In simpler terms, what this means is that Demoitis is the endearing feeling of attachment or bias that a musician or listener has to a demo recording, or song to the point that such recording is only viewed as the best version regardless of the obvious presence of a superior or better mix of the same.
It is the feeling that the best version of a song is the one you have heard over time – which is often not a viable metric for quality judgment.
Interestingly, Demoitis is a common phenomenon among every human being who listens to music. As previously established, It is a musical phenomenon but also doubles as a psychological condition that is caused by excessive consumption of a song, and has a strong
tendency to lead to skewed judgments regarding the quality of a song set to be released – artists, music producers, sound engineers often fall victim here.

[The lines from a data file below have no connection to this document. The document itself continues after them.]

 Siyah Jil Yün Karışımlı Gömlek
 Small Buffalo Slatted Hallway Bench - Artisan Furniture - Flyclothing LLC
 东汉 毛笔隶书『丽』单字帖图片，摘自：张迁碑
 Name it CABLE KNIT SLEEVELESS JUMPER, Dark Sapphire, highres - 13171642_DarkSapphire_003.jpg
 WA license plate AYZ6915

The everyday music aficionado may also fall prey to the whims of demoitis as pertains to quality assessment of a song. A music listener who is biased toward a particular record due to repeated listens might find a remix version of the same song as less interesting, even when the case is not so.
How does demoitis impact song release and consumer patronage?

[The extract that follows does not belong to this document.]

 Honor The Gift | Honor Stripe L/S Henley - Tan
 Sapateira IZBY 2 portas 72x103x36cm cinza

Recording artists are more prone to the trickery of demoitis than any other professional in the recording industry. In fact, If left uncurbed, demoitis can prove very harmful to the career of a music artist as it clouds judgment, and can be very bad for business in the long run.
For instance, an artist with demoitis will be unable to properly evaluate the difference between his/her demo recording (which often lacks the necessary plug-ins and faders) and a properly mixed version that has been worked on by a professional music producer or sound engineer and has been further tested for quality assurance through output devices such as sound monitors, car speakers, consumer level speakers, headphones, etc.
The artist would rather stick to the demo version instead, as he or she dogmatically believes the demo is the better version, and if fully convinced, the artist might go on to release such a record,
fully propelled by instincts simply because it sounds right and that should cut it regardless of any professional feedback.
This is where things can get dicey as after release, a discerning listener who might have heard the song on the radio, in a car, or via a music streaming platform would most likely perceive such a record as distasteful or not having quality and might create a wrong impression of the artist to the listener who might now bookmark the work as mediocre, and subsequently, its creator, which ultimately leads to a dwindle in patronage.